» WHAT TO PRODUCE
Reproduce, exactly and only, the lines of the data that follows from the one containing "Slovensko Vysoké Tatry" down to the one containing "X4 XDRIVE20I M-SPORT", without pictures.
══ INFORMATION SUPPLIED ══
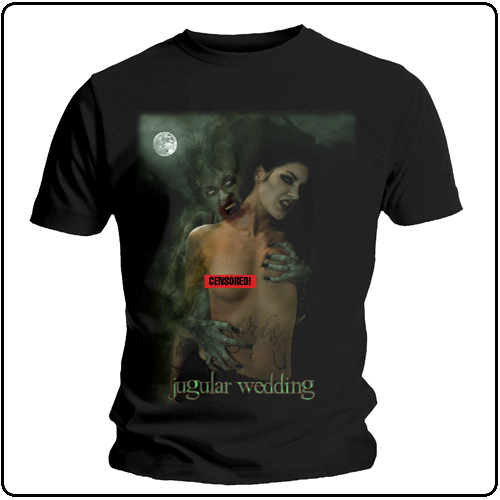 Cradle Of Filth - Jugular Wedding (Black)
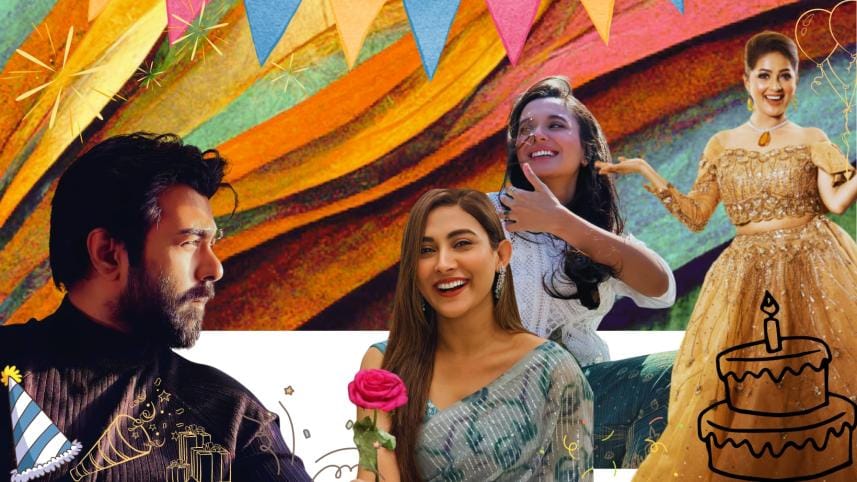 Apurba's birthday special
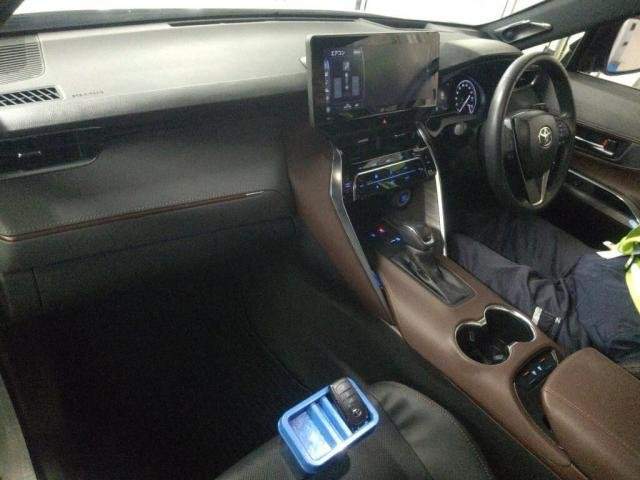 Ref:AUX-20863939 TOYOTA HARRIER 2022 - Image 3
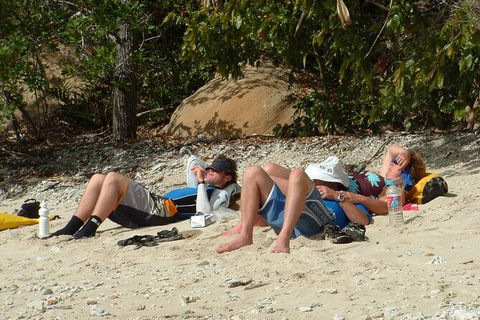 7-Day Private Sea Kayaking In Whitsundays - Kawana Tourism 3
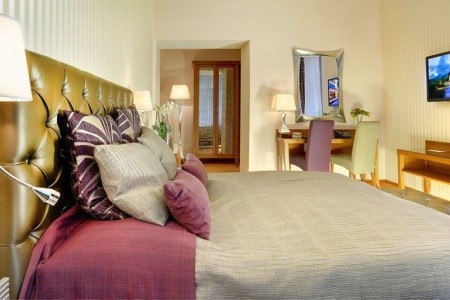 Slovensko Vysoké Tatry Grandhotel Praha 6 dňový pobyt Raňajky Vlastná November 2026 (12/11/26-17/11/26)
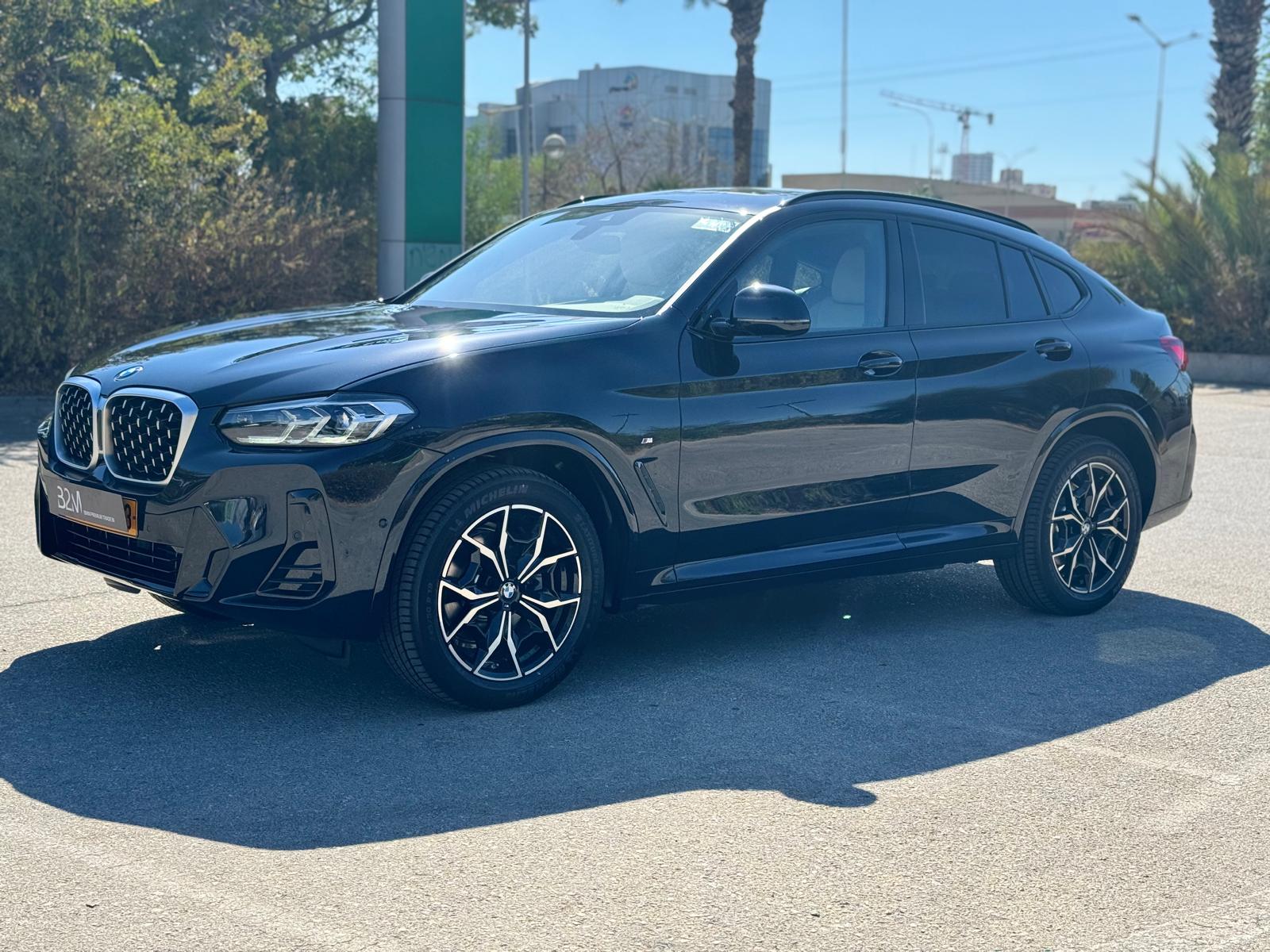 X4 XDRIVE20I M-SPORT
═══
══ INFORMATION SUPPLIED ══
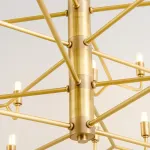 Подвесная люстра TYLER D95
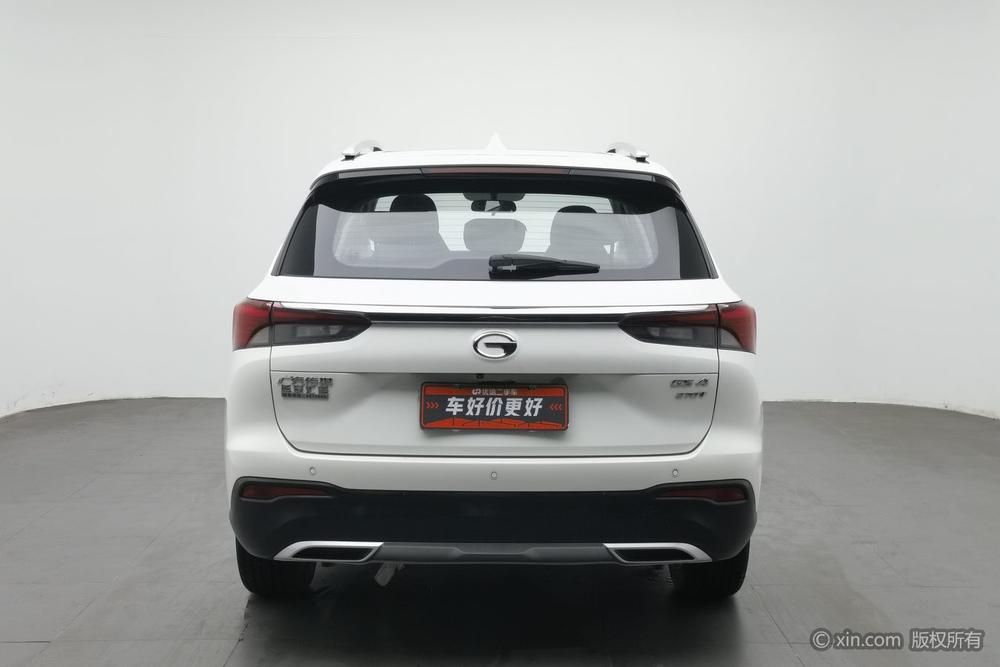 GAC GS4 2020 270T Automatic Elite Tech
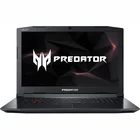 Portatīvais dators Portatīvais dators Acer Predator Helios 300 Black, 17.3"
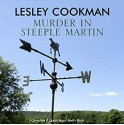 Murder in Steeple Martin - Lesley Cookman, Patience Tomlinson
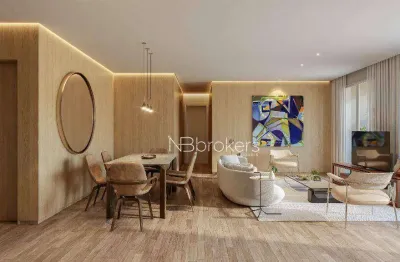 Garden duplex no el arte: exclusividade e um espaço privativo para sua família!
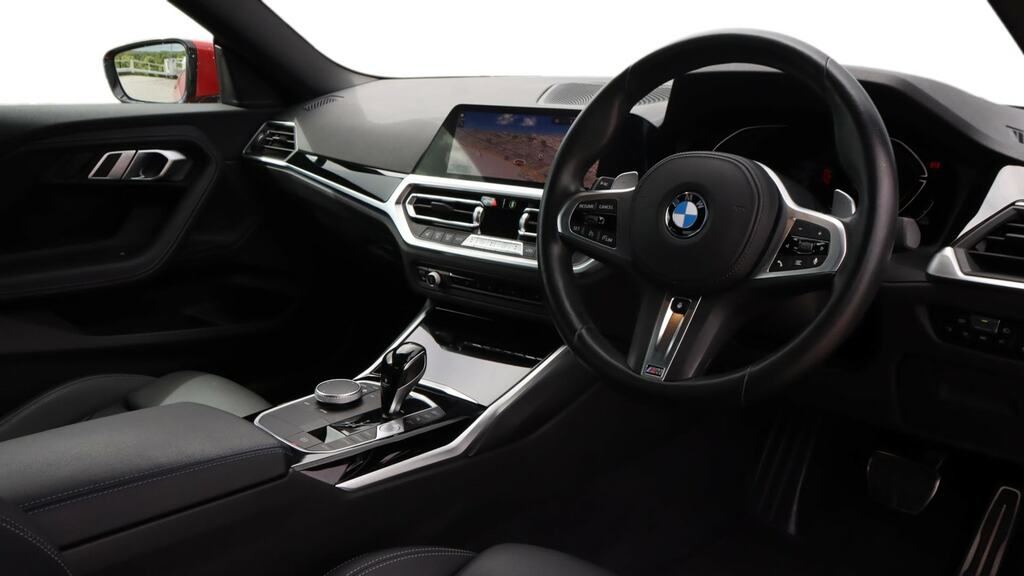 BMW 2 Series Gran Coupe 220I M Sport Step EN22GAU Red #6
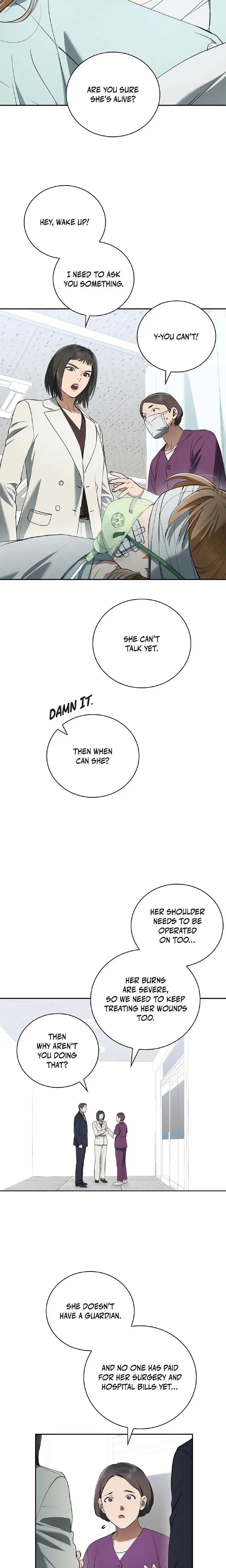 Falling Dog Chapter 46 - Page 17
═══
══ INFORMATION SUPPLIED ══
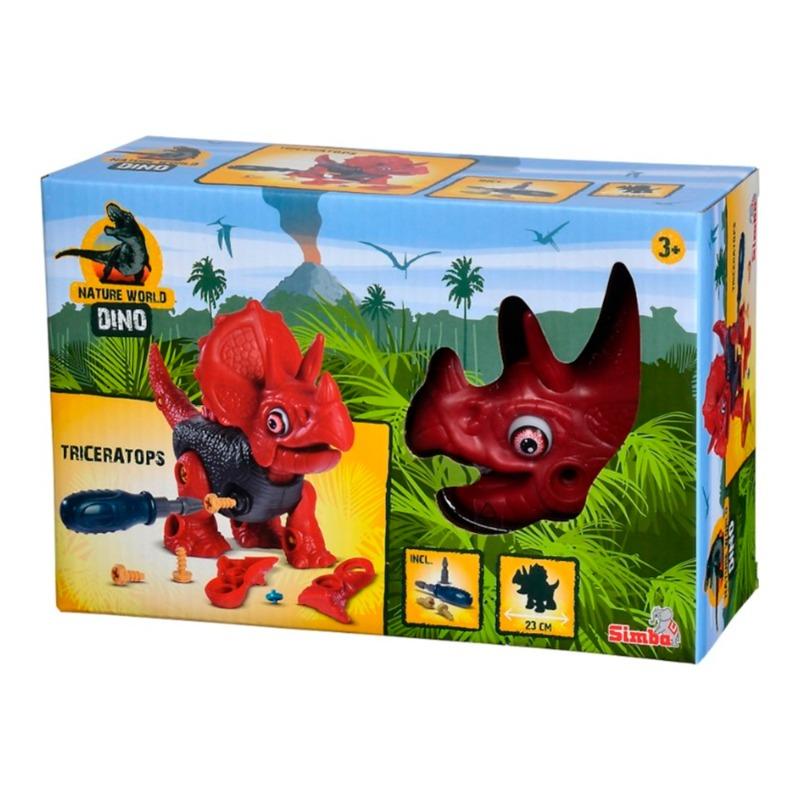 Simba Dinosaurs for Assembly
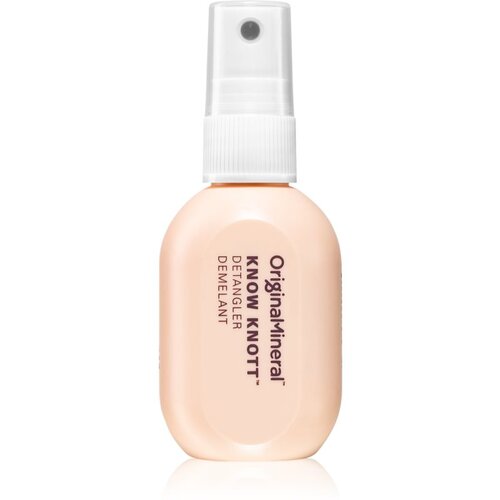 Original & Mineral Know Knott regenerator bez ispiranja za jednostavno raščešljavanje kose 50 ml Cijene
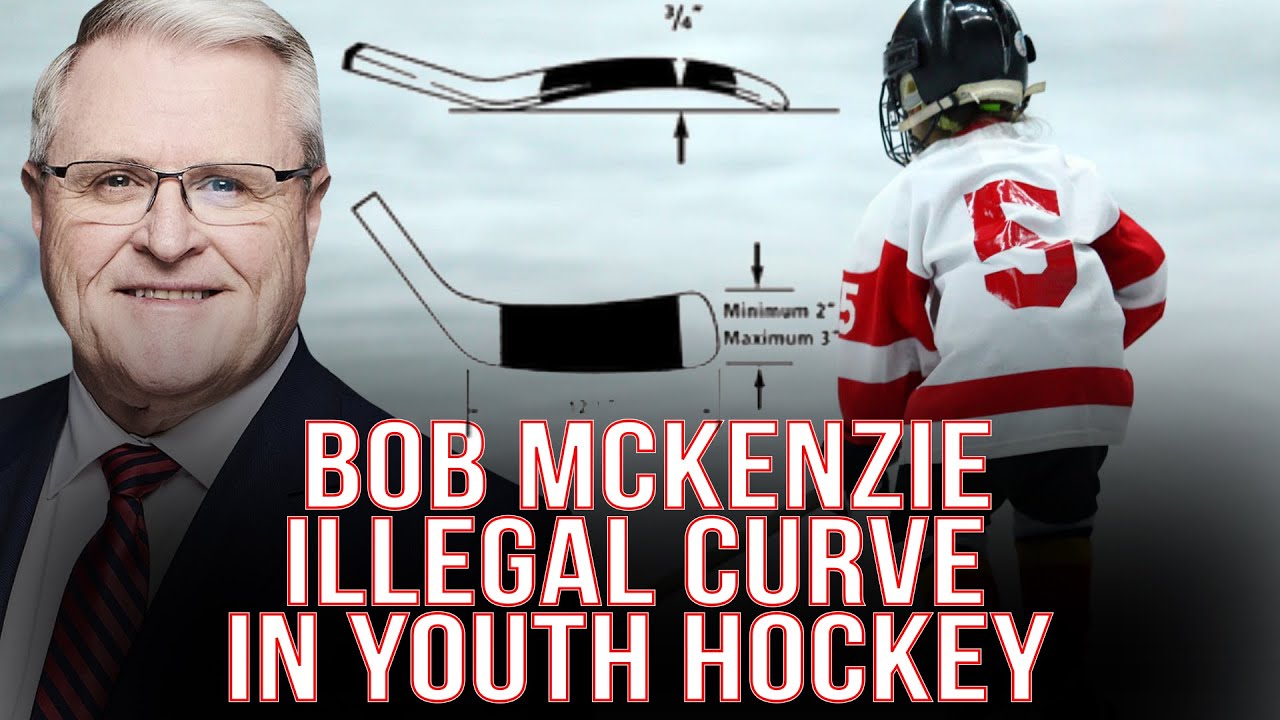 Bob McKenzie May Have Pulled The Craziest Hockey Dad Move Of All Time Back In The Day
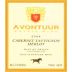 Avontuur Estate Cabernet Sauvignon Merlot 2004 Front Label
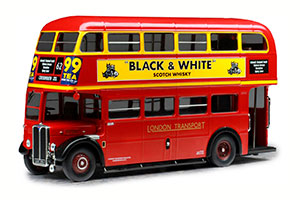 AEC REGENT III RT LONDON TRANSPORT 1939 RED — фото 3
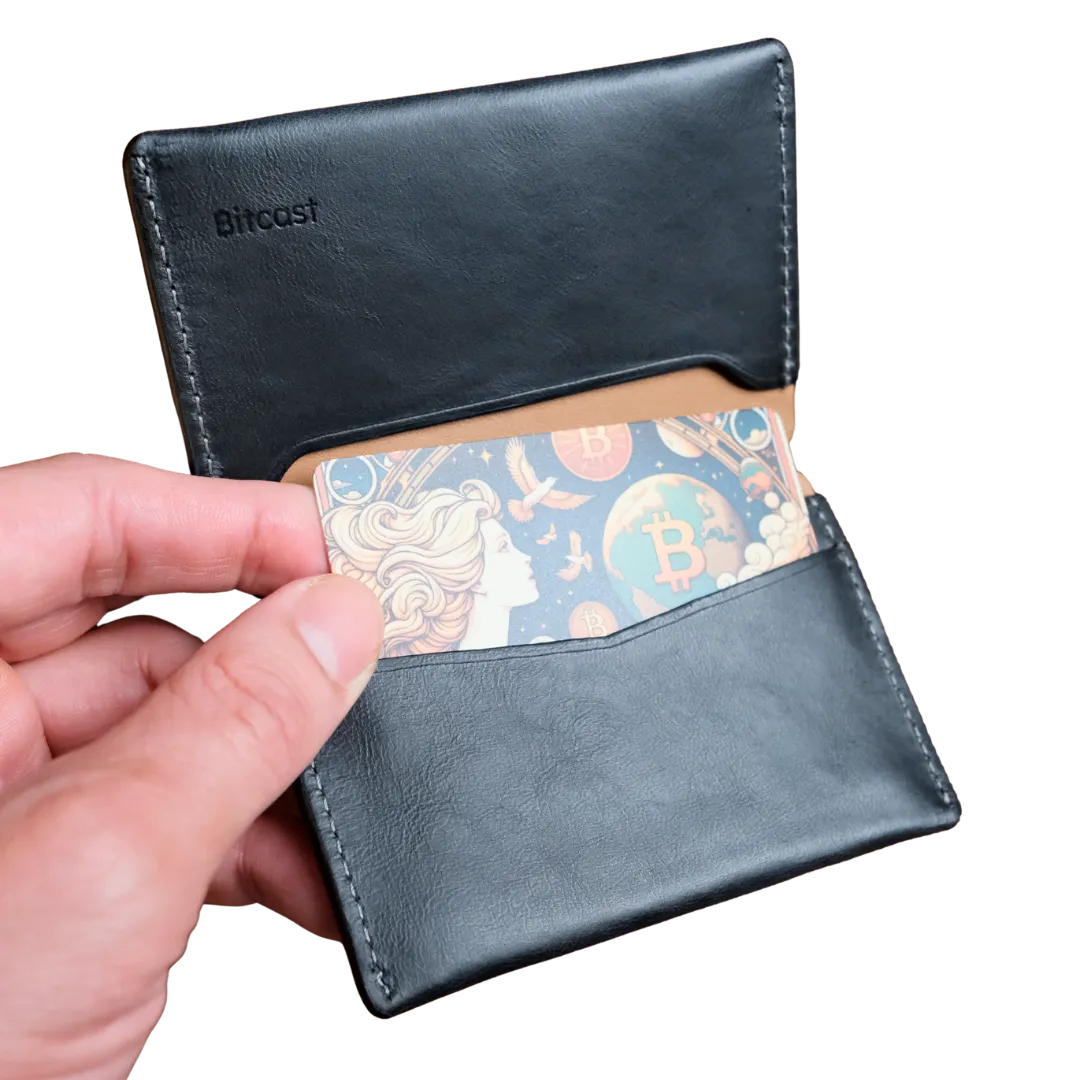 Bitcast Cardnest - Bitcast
═══
» THE COMPLETED TASK
 Slovensko Vysoké Tatry Grandhotel Praha 6 dňový pobyt Raňajky Vlastná November 2026 (12/11/26-17/11/26)
 X4 XDRIVE20I M-SPORT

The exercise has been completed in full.